The art of dialogue, if it ever really existed, has been all but lost. And skill in argument as a reasoned, thoughtful, civil, and enlightening exchange has been replaced by a culture of meanness in which, because winning trumps everything including understanding, we are all diminished.
There is no doubt that the technology with which we communicate has grown exponentially even as our ability to communicate has lost intimacy, imagination, integrity, and impact. In a time long ago, when quill pen dipped in ink, was poised to scratch meaning across the page of a letter, did we pause and consider what we would say and how because we could not easily remove an error or misstatement? Did we pause, knowing that our words had to have a certain depth and luminosity to make sure that they remained alive on the page until they were read by the subject of our attention many days or weeks hence? And in conversation, were we genteel because our words were not a means, but an end because the purpose of the conversation was not to inform, instruct, or declare, but simply to connect, to relate, to share?
How shall we bring down the towers of Babel? How shall we bridge the chasm that separates us each from the other? How shall we overcome this soul-wrenching isolation? Let us undertake a new spiritual discipline. Let us speak as if we mattered. Let us speak as if the person to whom we were speaking mattered. Let our words become benedictions, which simply means “good words:” good words spoken by good hearts. Let our words become meditations in kindness as the purpose of our speaking becomes mutual transformation.
Let us listen not with our ego, but with our heart as we risk being transformed by the words of others. Let our listening become so deep and profound that we hear all that is said as it was intended, and all that remains unsaid. Let our listening become so deep that we abandon judgment in favor of understanding, and seek wisdom over information.

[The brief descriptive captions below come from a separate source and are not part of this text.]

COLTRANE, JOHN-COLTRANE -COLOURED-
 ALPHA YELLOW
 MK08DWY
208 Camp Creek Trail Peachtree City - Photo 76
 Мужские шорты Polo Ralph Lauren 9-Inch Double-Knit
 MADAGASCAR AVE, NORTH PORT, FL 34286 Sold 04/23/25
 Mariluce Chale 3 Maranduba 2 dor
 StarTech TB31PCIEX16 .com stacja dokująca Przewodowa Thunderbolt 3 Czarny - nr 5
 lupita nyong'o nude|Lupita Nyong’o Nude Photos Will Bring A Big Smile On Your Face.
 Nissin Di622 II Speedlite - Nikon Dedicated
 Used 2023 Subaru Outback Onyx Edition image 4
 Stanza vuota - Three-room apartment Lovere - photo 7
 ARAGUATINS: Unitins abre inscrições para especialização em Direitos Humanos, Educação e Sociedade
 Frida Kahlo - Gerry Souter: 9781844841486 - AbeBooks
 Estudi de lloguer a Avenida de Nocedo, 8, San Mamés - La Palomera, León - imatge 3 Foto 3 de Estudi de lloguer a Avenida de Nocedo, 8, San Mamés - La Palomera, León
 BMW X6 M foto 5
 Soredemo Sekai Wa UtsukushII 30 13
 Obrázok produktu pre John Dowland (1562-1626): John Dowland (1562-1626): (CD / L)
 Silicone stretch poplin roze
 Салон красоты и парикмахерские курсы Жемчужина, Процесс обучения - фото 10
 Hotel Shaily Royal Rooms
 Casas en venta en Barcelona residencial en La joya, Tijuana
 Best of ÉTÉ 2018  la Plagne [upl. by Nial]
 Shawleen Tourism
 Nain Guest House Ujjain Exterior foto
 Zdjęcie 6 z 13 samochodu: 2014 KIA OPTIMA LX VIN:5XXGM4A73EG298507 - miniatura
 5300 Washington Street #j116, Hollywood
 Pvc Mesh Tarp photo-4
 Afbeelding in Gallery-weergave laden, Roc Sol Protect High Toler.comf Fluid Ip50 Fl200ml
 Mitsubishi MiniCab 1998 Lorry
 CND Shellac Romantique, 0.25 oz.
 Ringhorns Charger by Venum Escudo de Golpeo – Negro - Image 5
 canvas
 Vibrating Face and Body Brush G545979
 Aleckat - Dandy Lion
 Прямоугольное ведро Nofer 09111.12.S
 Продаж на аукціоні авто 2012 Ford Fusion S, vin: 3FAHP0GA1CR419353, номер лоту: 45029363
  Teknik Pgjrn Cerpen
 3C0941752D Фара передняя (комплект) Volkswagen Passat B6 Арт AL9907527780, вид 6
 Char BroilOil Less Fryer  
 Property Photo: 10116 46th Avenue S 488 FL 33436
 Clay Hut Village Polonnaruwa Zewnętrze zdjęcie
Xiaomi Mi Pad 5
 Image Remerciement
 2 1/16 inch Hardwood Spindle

Let our listening become so deep that we become multi-lingual, understanding the language of sorrow and joy, of fear and courage, of anger and bliss, of confusion and clarity, knowing that our mastery of the vocabulary of feeling will indeed allow us to listen with empathy and compassion.
May our good words and deep listening replace the towers of Babel with a life-affirming, universal language that gladdens the heart, energizes the spirit, and comforts the soul.